The Horror Story: Recently, a client of mine—a senior citizen arrested for DUI—bonded out and noticed his iPhone receiving tons of adult texts.
- The Reality: The arresting officers or jail personnel had signed his number up for junk lists or “played” with the device.
- The Consequence: His wife saw the texts, didn’t understand they were spam/pranks, and filed for divorce.
This real-life example is but one of many. The two (Cops and Phones) don’t mix. I highly recommend installing a password on your phone. If you don’t, you are leaving the door wide open.
Did the police scroll through your text messages without a warrant?
This is an illegal search. Call John today at (407) 423-1117.
The “Bad Old Days”: State v. Glasco
Why did police think they could search a phone just because you were driving on a suspended license? It’s hard to believe, but they relied on an old 1973 case called U.S. v. Robinson.
- The Old Logic: In 1973, the Supreme Court said police could search any “closed container” found on a person during an arrest (like a cigarette pack).
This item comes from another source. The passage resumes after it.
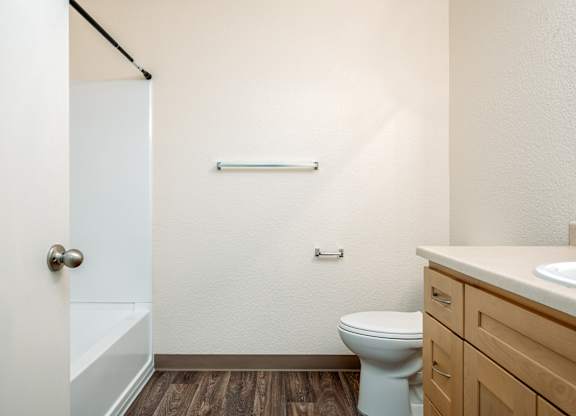 A white toilet sits in a bathroom with a white door and a white sink.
- The Application: In State v. Glasco, 90 So. 3d 905 (Fla. 5th DCA 2012), the court treated a modern smartphone just like that cigarette pack. Because Glasco was arrested for drugs, they opened his phone, read his texts, and used them to convict him of “Intent to Sell.”
The Fix: Smallwood and Riley
Fortunately, the courts finally woke up to the 21st Century. The legal reasoning in Glasco was eventually overturned.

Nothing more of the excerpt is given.